Chapter 18 Estimating a tree using Maximum Likelihood

We will be using the phangorn package in R to estimate maximum likelihood methods.

phangorn has three possible tree permutation methods available in its maximum likelihood commands. The first is the nearest neighbor interchange (NNI) method, which we used in our parsimony estimation. However, the NNI algorithm can sometimes get stuck on a local optimum in tree space (especially as the tree gets larger). The other two (the stochastic approach and the likelihood ratchet) will make random NNI rearrangements to the tree, which can allow the tree to escape local optima and instead find a global optimum of our tree-searching space.

18.1 Creating a starting tree

phangorn requires a starting tree for maximum likelihood searches. The tree itself doesn’t matter much, but generally people supply a neighbor joining tree because they can be generated quickly.

library(phangorn)

grass.align <- read.phyDat("grass_aligned-renamed.fasta", format = "fasta")

dist <- dist.ml(grass.align)
nj.tree <- nj(dist)

You can also upload your previously-generated neighbor joining tree and use that instead of creating a new one (just make sure that you used the same sample names in both your renamed fasta file and your neighbor joining tree).

nj.tree <- read.tree("nj.tre")

18.2 Calculating likelihood score

Once you have both a tree and your fasta file loaded, you can calculated a likelihood score using the pml command.

fit <- pml(nj.tree, data = grass.align)
fit
## 
##  loglikelihood: -12912.73 
## 
## unconstrained loglikelihood: -20560.86 
## 
## Rate matrix:
##   a c g t
## a 0 1 1 1
## c 1 0 1 1
## g 1 1 0 1
## t 1 1 1 0
## 
## Base frequencies:  
## 0.25 0.25 0.25 0.25

One of the nice things about the pml output is that it includes the details of the substitution model used in the likelihood calculation.

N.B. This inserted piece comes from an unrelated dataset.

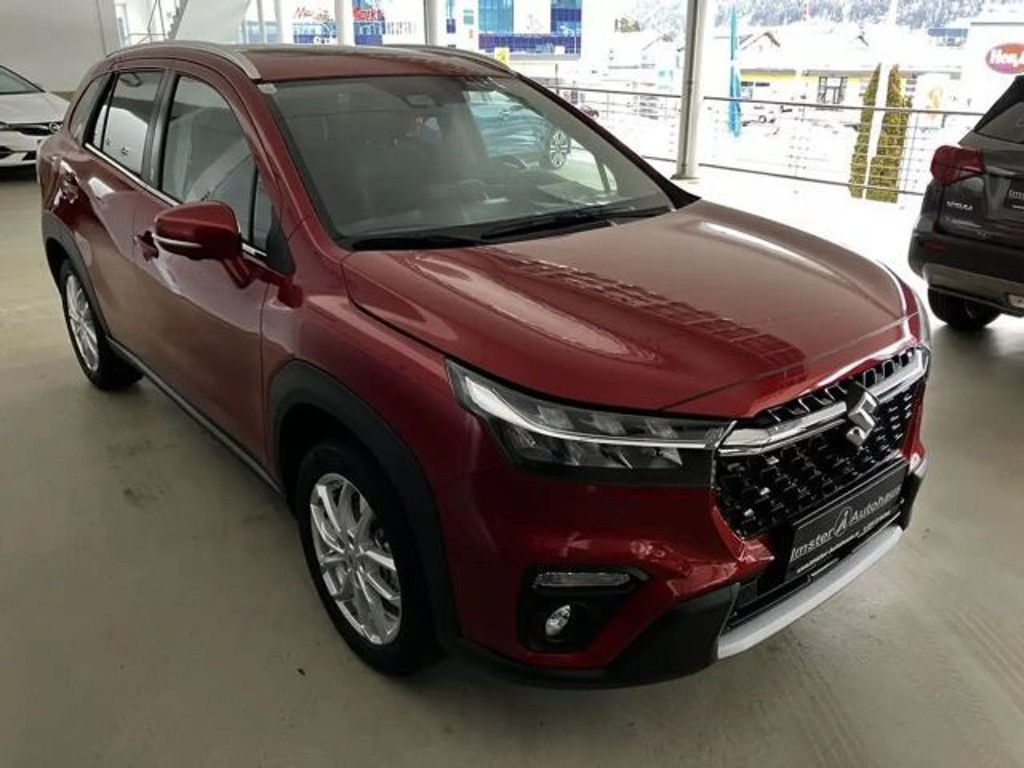 Suzuki S-Cross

In this case, because we did not specify any model, the Jukes-Cantor (JC, or JC69) was used by default. We can tell this because the base frequencies are all 0.25 and there is only one substitution rate used in the rate matrix.

This output also reports both a log likelihood and an unconstrained log likelihood. The difference between the two values has to do with the size of the parameter space being searched. In my experience, the log likelihood (not the unconstrained log likelihood) is usually reported, though either is fine as long as you are consistent when testing multiple models.

18.3 Optimizing the maximum likelihood parameters

The pml command simply calculates the likelihood of the data, given a tree. If we want to find the optimum tree (and we do), we need to optimize the tree topology (as well as branch length estimates) for our data. We can do this using the optim.pml command. For this particular model (JC), we simply need to supply a pml object (which we created above) and decide what type of tree arrangement we want to do.

fitJC <- optim.pml(fit, rearrangement = "NNI")
## optimize edge weights:  -12912.73 --> -12865.23 
## optimize edge weights:  -12865.23 --> -12865.23 
## optimize topology:  -12865.23 --> -12851.07 
## optimize topology:  -12851.07 --> -12849.71 
## optimize topology:  -12849.71 --> -12849.71 
## 2 
## optimize edge weights:  -12849.71 --> -12849.71 
## optimize topology:  -12849.71 --> -12849.71 
## 0 
## optimize edge weights:  -12849.71 --> -12849.71
plot(fitJC$tree, main = "JC, NNI rearrangement")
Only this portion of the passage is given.